Topics: mail fraud, bank check clearing, corporate fraud, white-collar crime

Summary

Background

A company that made munitions for the Government (Triumph) and several of its officers set up a second firm (Elk Mills). The officers diverted contract profits to Elk Mills, gave themselves stock, salaries, and bonuses, and at least two checks connected to those payments passed through the mail after being cashed or credited by local banks. The president of Triumph was tried and convicted for using the mail in a scheme to defraud; lower courts had let the case go to a jury.

Reasoning

The core question was whether sending those checks through the mail was done “for the purpose of executing” the fraud — in other words, whether the mailings were part of carrying out the scheme. The majority said they were not.
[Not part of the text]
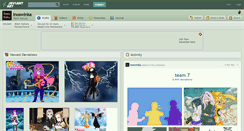 Desktop Screenshot of inoswinka.deviantart.com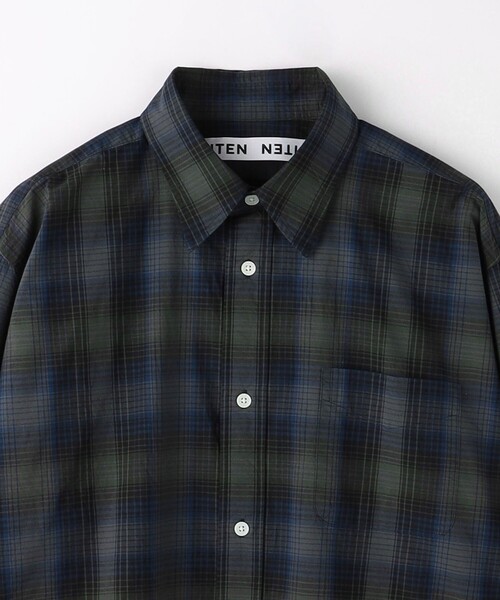 CITEN（シテン）の「＜CITEN＞スタンダードシャツ シャドウチェック（シャツ/ブラウス・メンズ・ダークグレー・S/M/L）」の10枚目の写真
By the time the banks mailed the checks for collection, the people meant to get the money had already received it and the scheme had, as to those transactions, run its course. The Court concluded that routine banking and the later mailing of checks were incidental banking steps, not steps taken to execute the fraud, and therefore the mail element required by the federal statute was missing. The conviction was reversed.

Real world impact

This decision narrows the situations where ordinary bank clearances and subsequent mailings will trigger a federal mail-fraud charge. Corporate officers who receive payments that are later processed by banks may be less likely to face federal mail-fraud convictions based only on those mailings. Many disputes of this sort may instead be left to state law or other remedies.

Dissents or concurrances

A dissent argued the mailings were essential to the overall fraudulent venture and that cashing by collecting banks should not defeat federal liability, emphasizing the continuing nature of the scheme.